Villehardouin a pris part aux conseils de l’expédition, cela est vrai ; il en a été un des chefs, un des diplomates, un des orateurs : faut-il conclure de là qu’il ait été toujours bien instruit? Ce n’était pas dans les conseils officiels qu’on dévoilait les desseins personnels et les trames secrètes. A-t-il connu les informations qui transpiraient dans les différens groupes du commun de l’armée, et, s’il les a connues, a-t-il été bien disposé par ses diverses situations à les interpréter comme il convenait ?

Il faut, si l’on veut se faire une idée juste de la confiance que méritent ses récits, les comparer avec les témoignages d’Innocent III, avec ceux des autres narrateurs contemporains de la quatrième croisade, Ernoul, Günther de Pairis, Robert de Clari.
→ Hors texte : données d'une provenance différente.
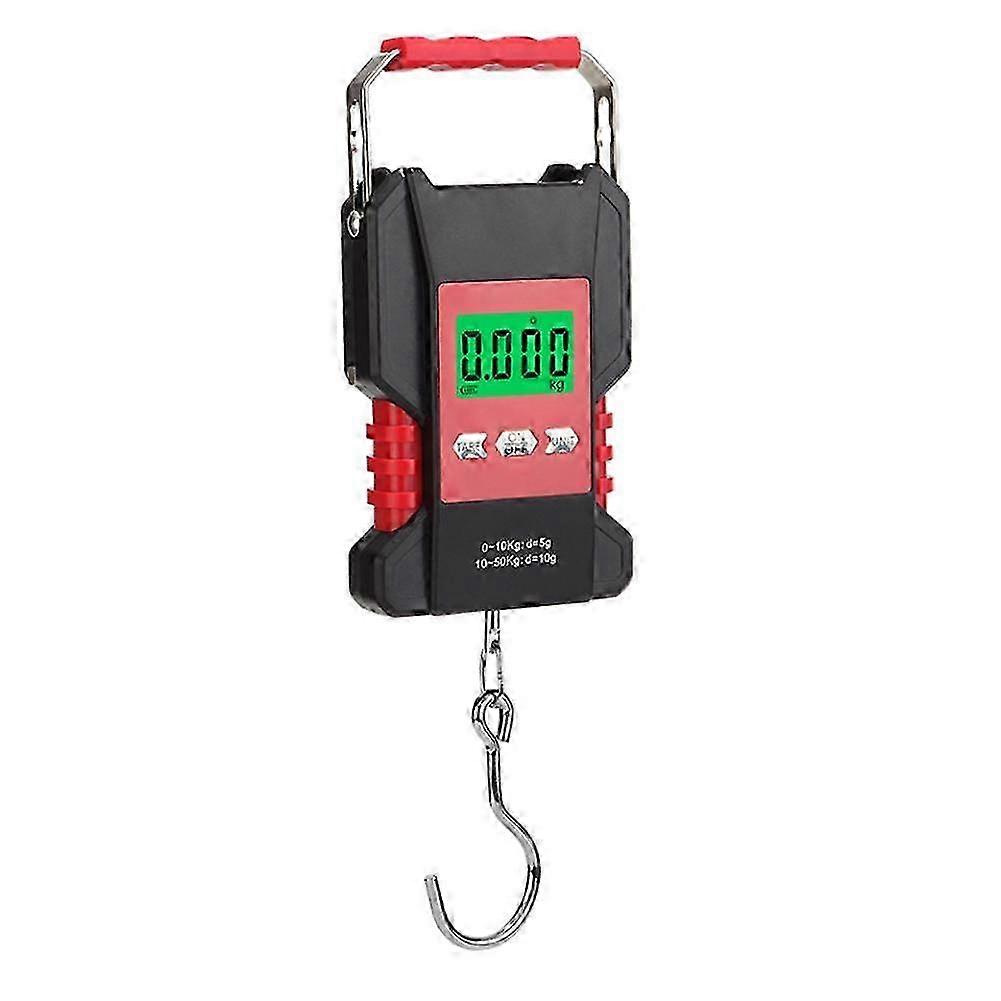 2025 Fishing 50kg Handheld Scale Electronic Hanging Scale with 1.5-meter Tape Measure
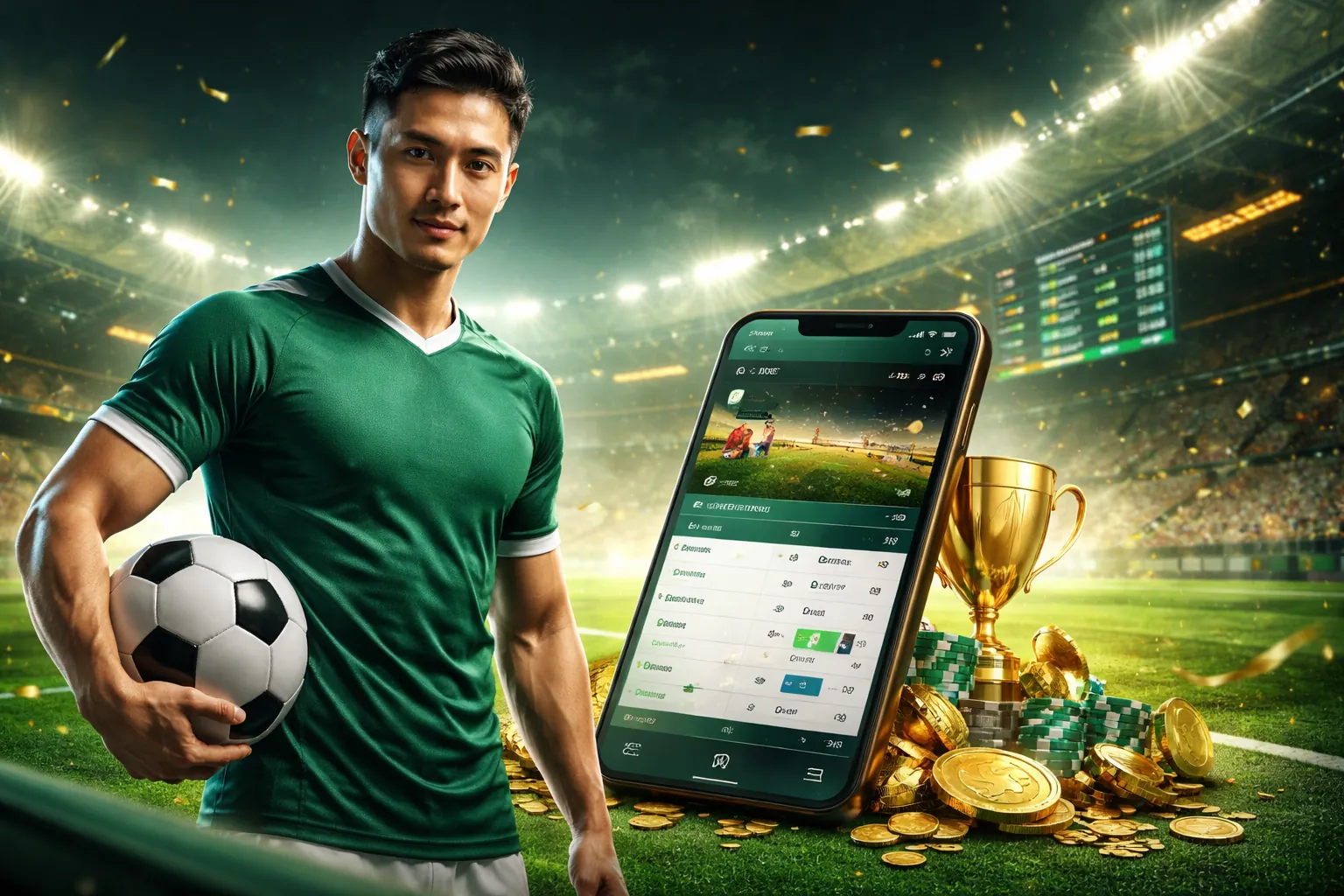Hình ảnh giao dịch tài chính an toàn, đại diện cho quy trình nạp rút tiền tại AX88 BET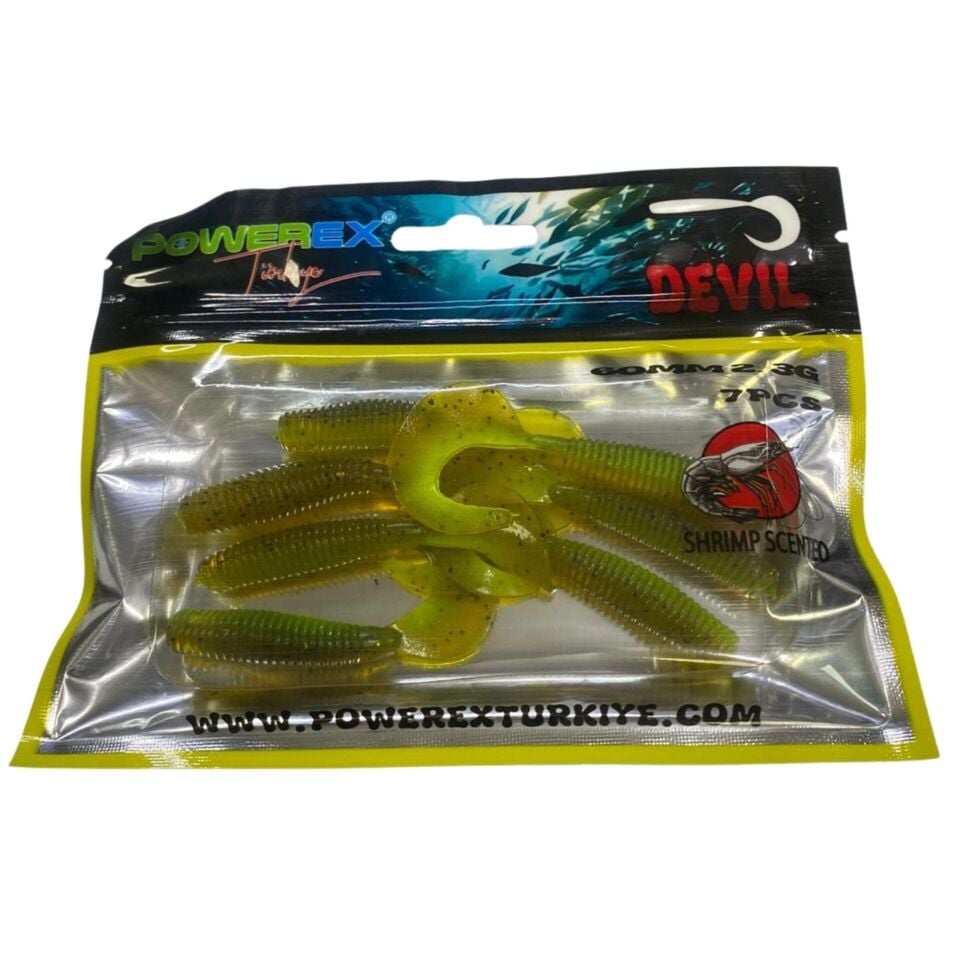 Powerex Devil Kurt 60mm 2.3gr Karides Kokulu Yem 8305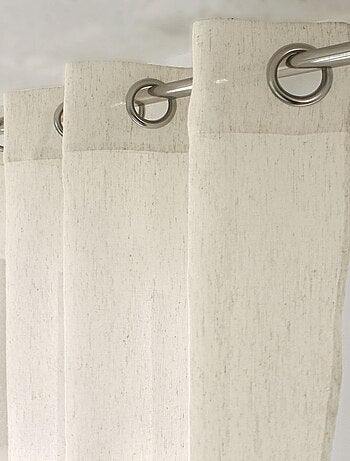 Visillo de polilino con ojales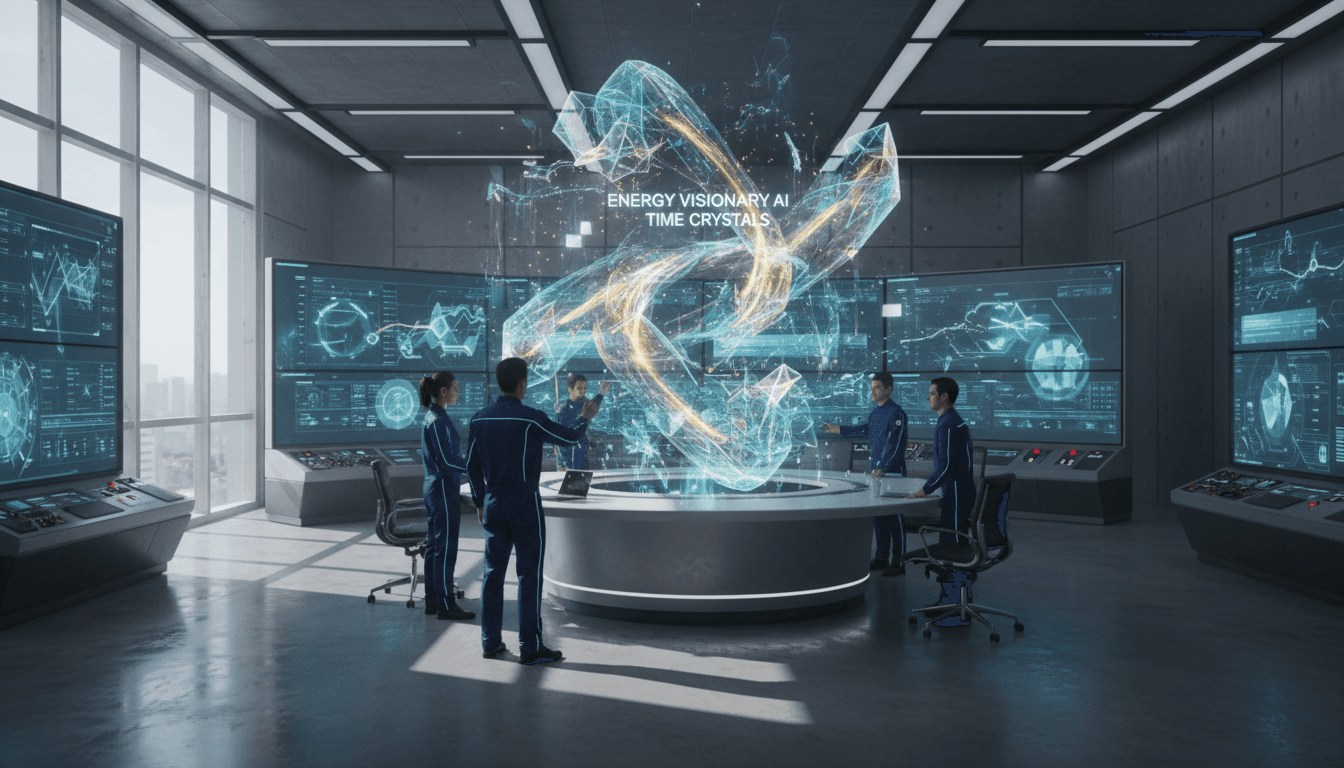 Energy Visionary AI Time Crystals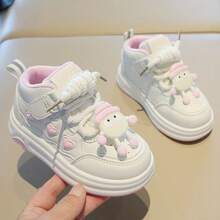 Zapatos deportivos para niños,Estas zapatillas blancas de caña baja para niños cuentan con unos simpáticos y originales muñecos extraíbles en los cordones y suelas blandas para mayor comodidad. - Rosa - Ver 7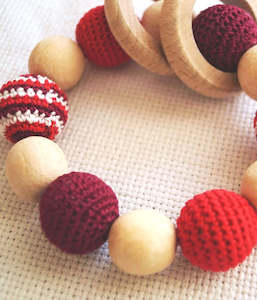 Teethers: Red & White Teething Bracelet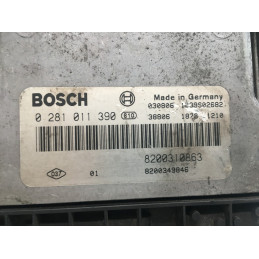 ECU MOTOR BOSCH EDC16C3-10.22 0281011390 RENAULT 8200310863 8200349846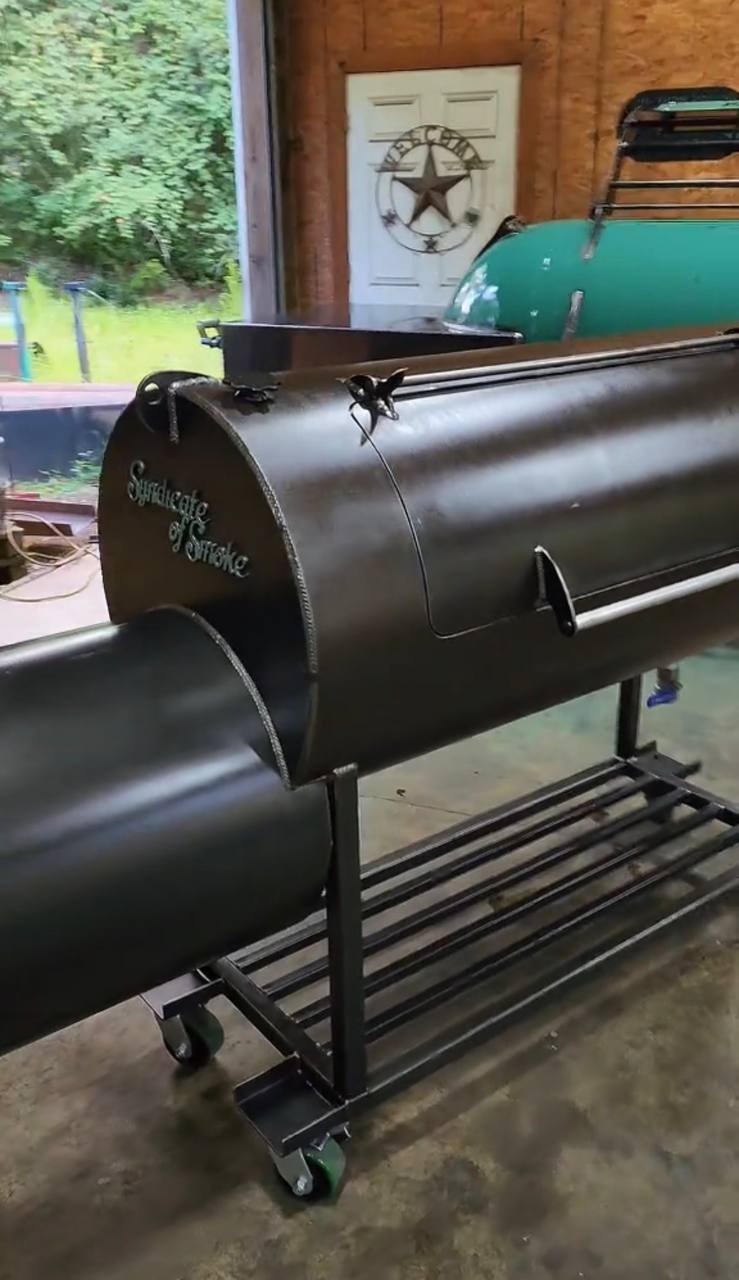 Offset Smoker on Casters - Image 6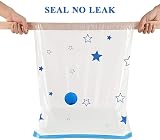 UOUNE Vacuum Storage Bags 4 Jumbo 110x80 cm, Reusable Space Saver view 4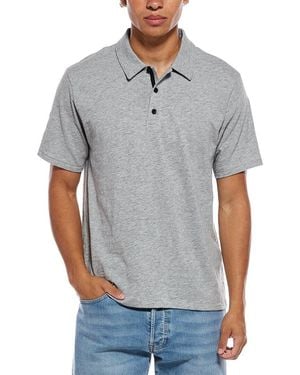 Rag & Bone Lightweight Slub Polo Shirt - Gray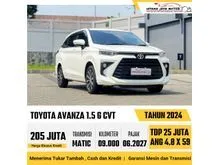 2024 Toyota Avanza 1.5 G MPV Matic Putih Kondisi Like New Harga Dijamin Termurah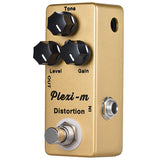 2x MOSKY Plexi-M/MM Electric Guitar Distortion Effect Pedal Guitar Parts Full Metal Shell True Bypass
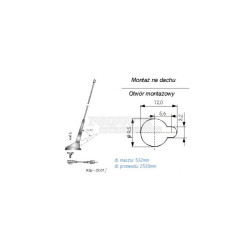 Antena samochodowa ASp-32.01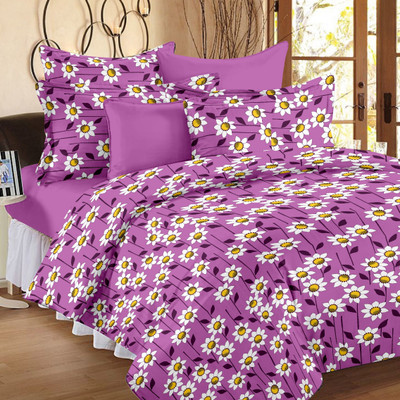 70% OFF on Ahmedabad Cotton Cotton Floral Single Bedsheet 1 Single Bedsheet & 1 Pillow Cover, Purple 70% OFF on Ahmedabad Cotton Cotton Floral Single Bedsheet 1 Single Bedsheet & 1 Pillow Cover, Purple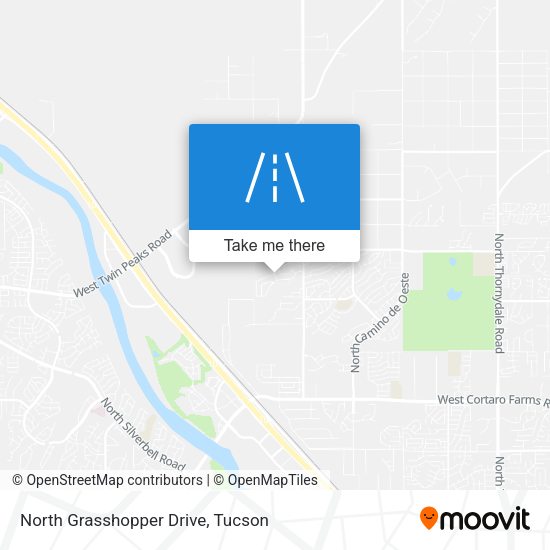 North Grasshopper Drive map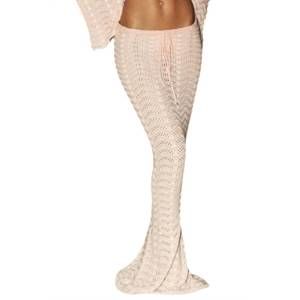 NEW BANANHOT miana maxi skirt in knitted pink stripes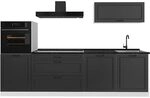 Vicco K&uuml;chenzeile R-Line, Anthrazit Landhaus/Wei&szlig; 280 cm | 5 Module &middot;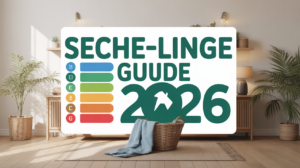 Sèche linge comparatif moderne en pièce épurée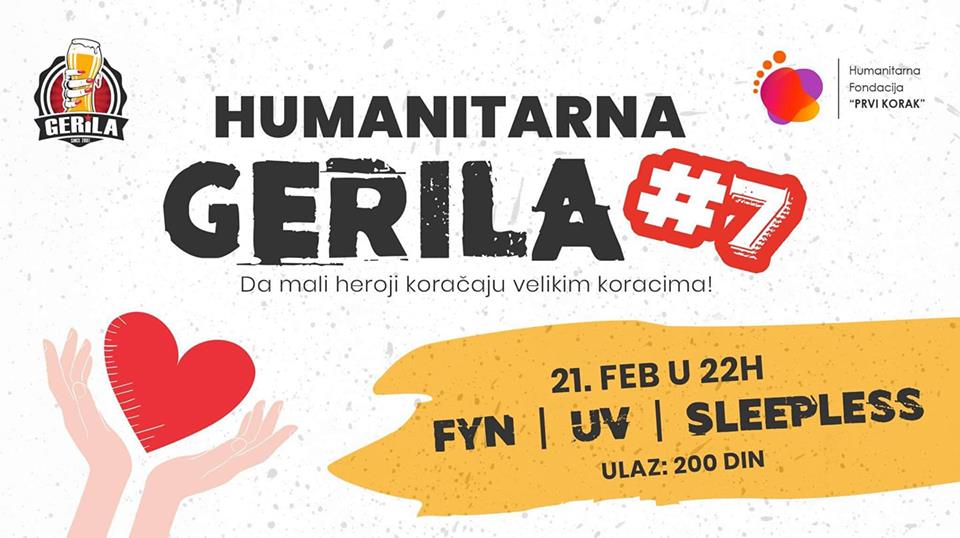 Humanitarna Gerila #7 – Fyn / UV / Sleepless 21.02.2019. Gerila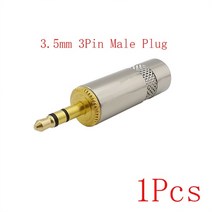혼케이블 무저항잭 저항잭 이어폰 y잭 AUX 케이블 단자 헤드폰 2.5mm 3.5mm 6.35mm 금속 변환기 플러그 잭 diy 커넥터 용 남성여성 모노스테레오 오디오 어댑터, 피 1개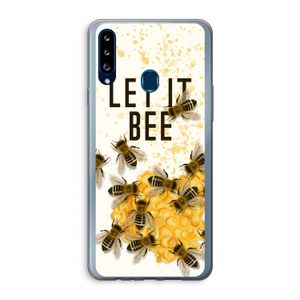 Let it bee: Samsung Galaxy A20s Transparant Hoesje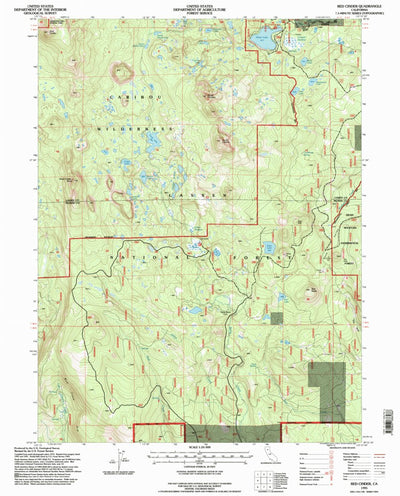 United States Geological Survey Red Cinder, CA (1995, 24000-Scale) digital map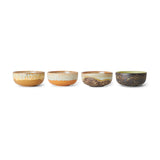 HKLIVING 70s ceramics tapas bowls drift set of 4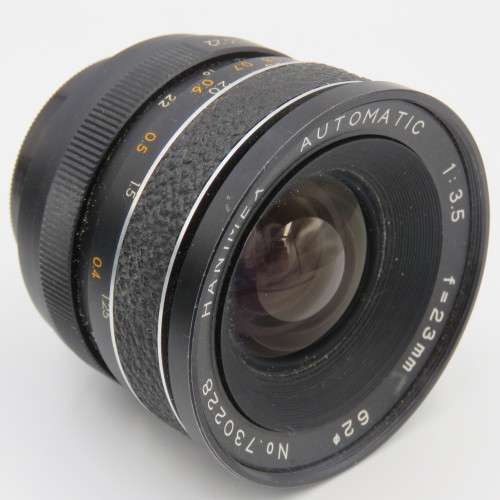 Hanimex automatic 1:3.5 lens F23 mm - screw mount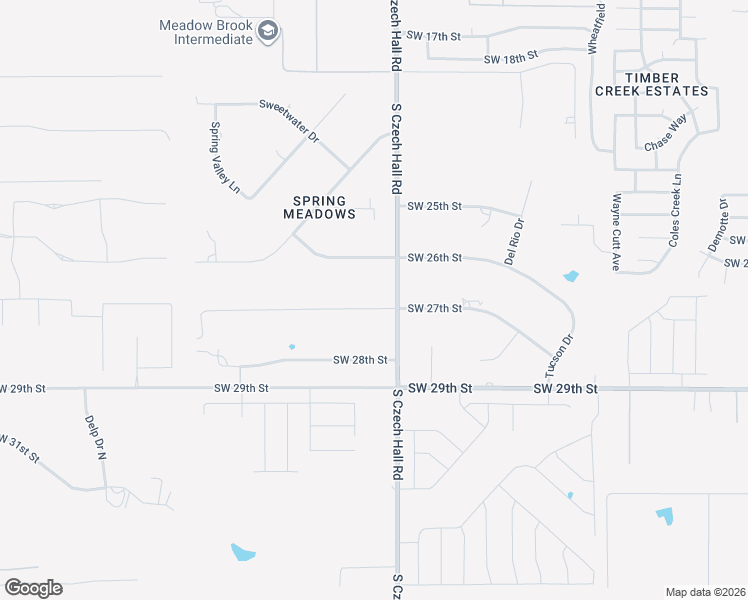 map of restaurants, bars, coffee shops, grocery stores, and more near 12201 Southwest 27th Street in Yukon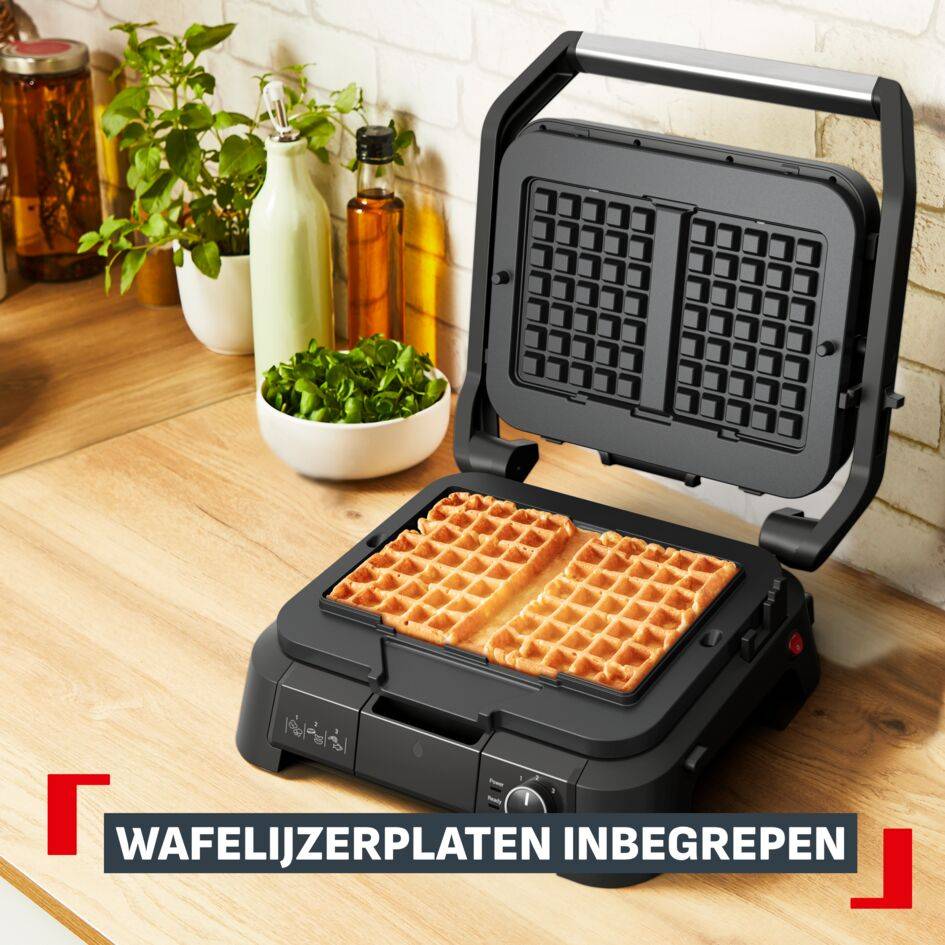 SuperGrill 4‑in‑1 GC517DE0 - Contactgrill - Barbecue - Ovenstand - Wafelijzer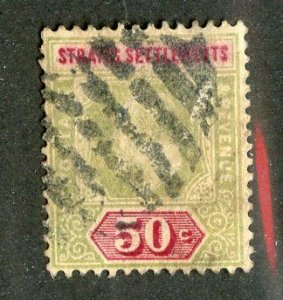 bcxx12694 Straits Settlements sc#101 used cat. $22.50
Cette comparaison conduirait à d’heureuses rencontres. Peut-être jugera-t-on que Robert de Clari, par exemple, dont M. Riant a retrouvé le très précieux texte[1], rivalise presque avec le maréchal de Champagne pour l’intérêt historique et pour l’intérêt littéraire à la fois. Il nous informe et nous touche ; avec son « ramage » picard, comme il dit, il mériterait d’être compté, ainsi que l’est Villehardouin avec son dialecte champenois, dans l’histoire des premiers et notables efforts de la prose française. Robert de Clari met en relief le rôle actif de Boniface de Montferrat pour le complot contre l’empire grec. Il montre les sentimens des petits chevaliers du « commun de l’ost, » souvent en opposition avec ceux des hauts barons. Il est de ceux qui trouvent que les chefs de la croisade en prennent bien à leur aise quand ils disposent de l’armée, sans l’aveu de tous, pour l’expédition de Zara et puis pour celle de Constantinople. Il est de ceux qui regardent aux parts du butin. Volontiers, comme le soldat de Clovis, il briserait les vases précieux pour faire

  1. M. Riant a fait imprimer, en 1868, une fort belle édition de Robert de Clari, qu’il a retirée ensuite. On en trouvera un texte dans les Chroniques gréco-romaines de Karl Hopf.